**GIVEN ENTRIES**
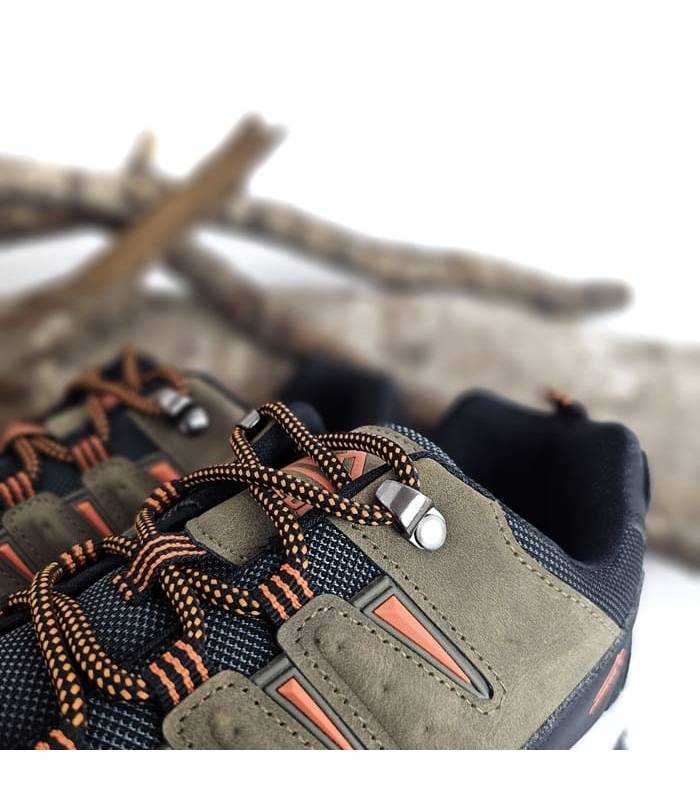 detalle del cordón bicolor naranja y negro con enganches metálicos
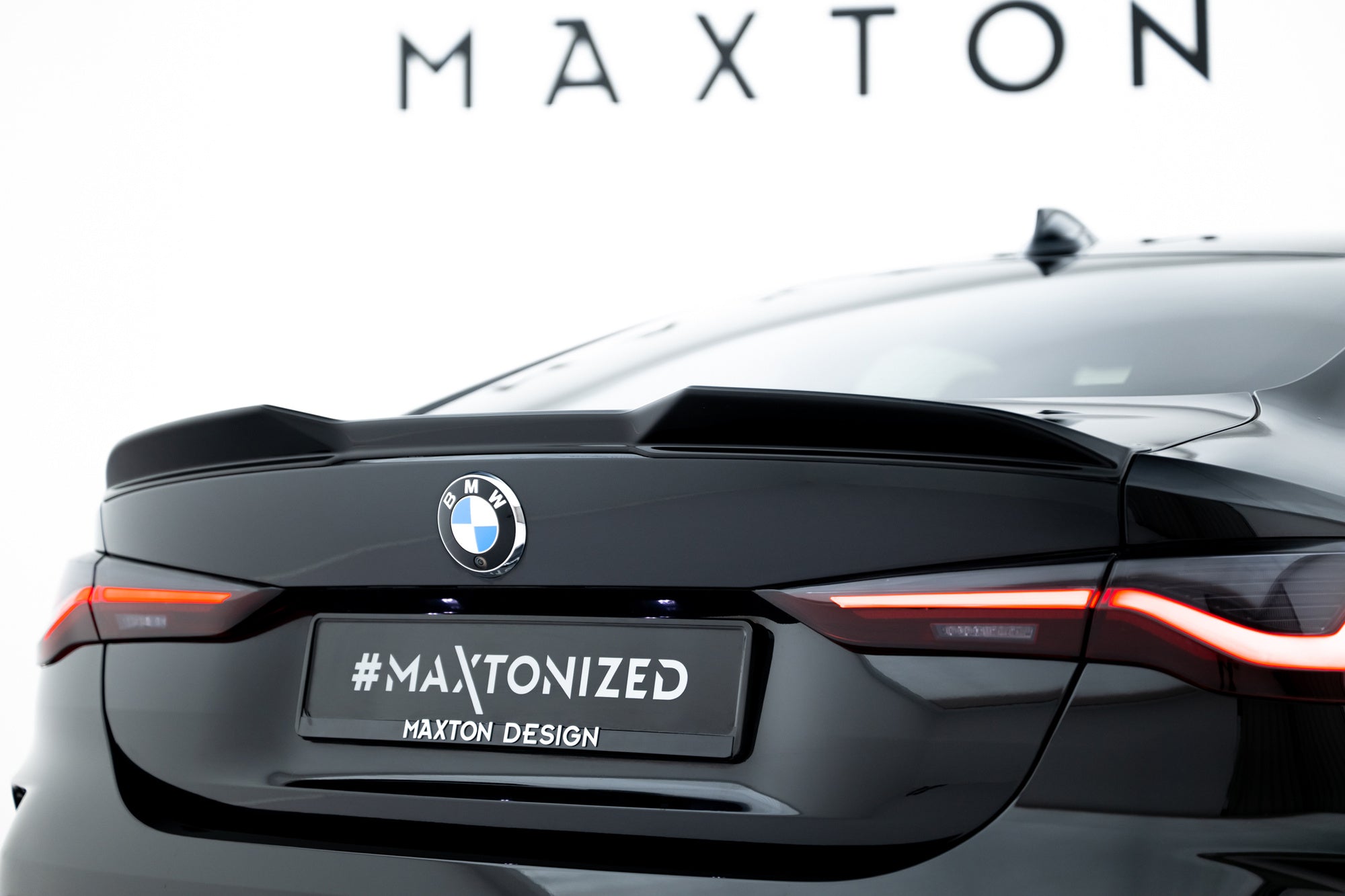 Maxton Design Set Of Splitters para BMW 4 M-Pack Coupe G22 / G22 Facelift - imagen 17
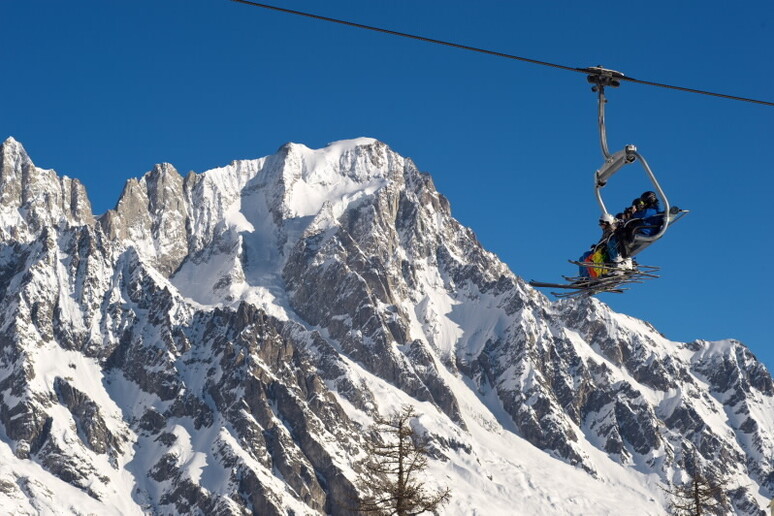 Vacanze sulla neve a misura di famiglia in Valle d 'Aosta - RIPRODUZIONE RISERVATA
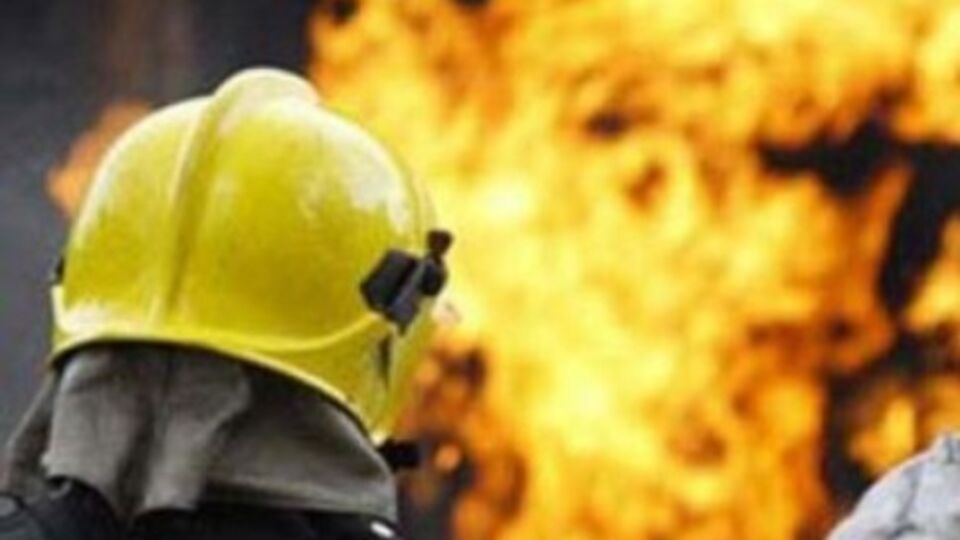 Пожарники потушили огонь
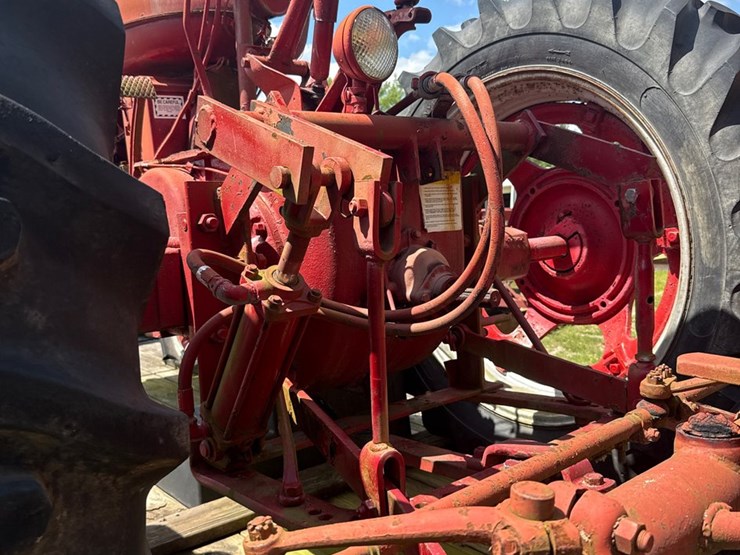 #29-•-farmall-model-m-image-3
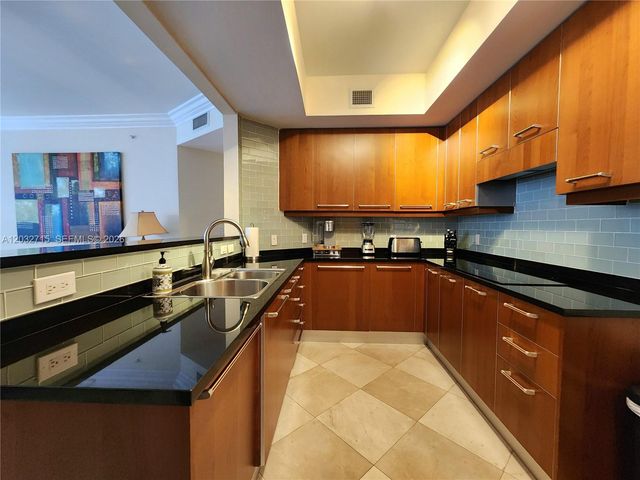3101 S Ocean Dr 1106, Hollywood, FL 33019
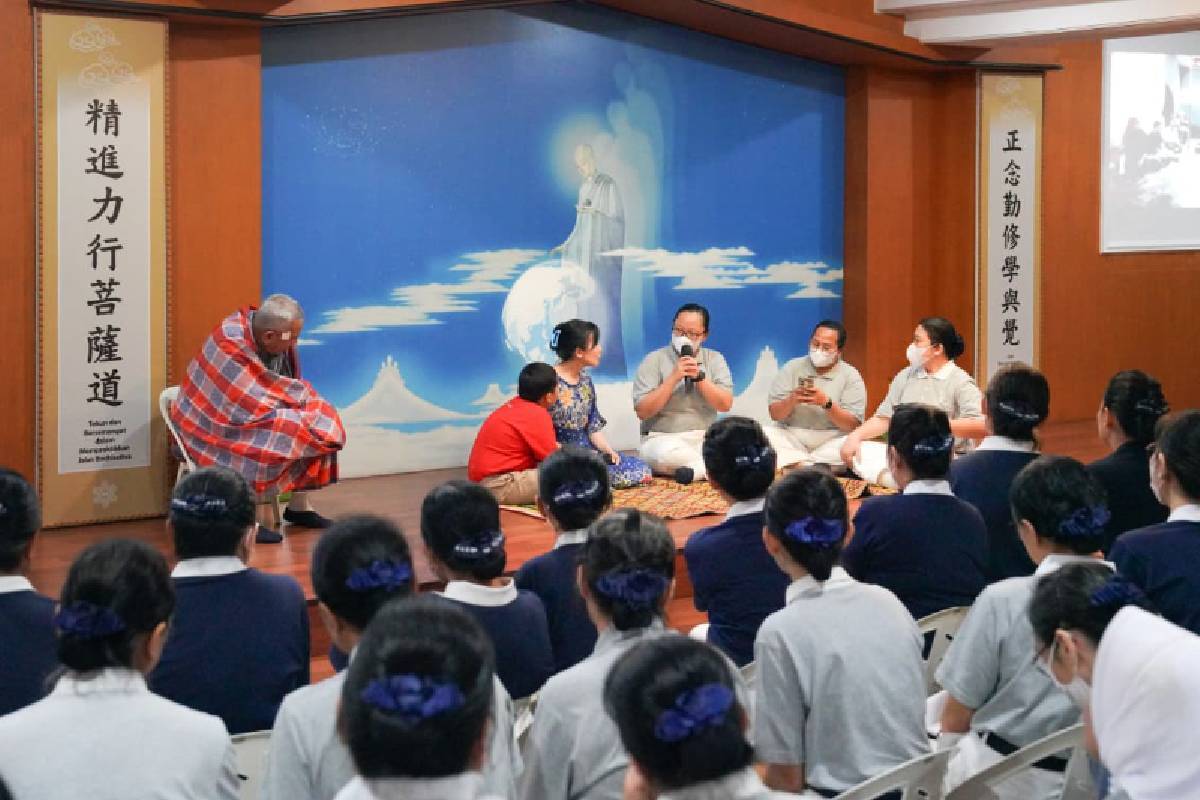 Menguatkan Welas Asih dan Kebijaksanaan di Pelatihan Misi Amal Tzu Chi Medan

**HOW TO COMPLETE THIS TASK**
Each record above must be retyped exactly, minus its pictures.

**WRITTEN SOLUTION**
 detalle del cordón bicolor naranja y negro con enganches metálicos
 Maxton Design Set Of Splitters para BMW 4 M-Pack Coupe G22 / G22 Facelift - imagen 17
 Vacanze sulla neve a misura di famiglia in Valle d 'Aosta - RIPRODUZIONE RISERVATA
 Пожарники потушили огонь
 #29-•-farmall-model-m-image-3
3101 S Ocean Dr 1106, Hollywood, FL 33019
 Menguatkan Welas Asih dan Kebijaksanaan di Pelatihan Misi Amal Tzu Chi Medan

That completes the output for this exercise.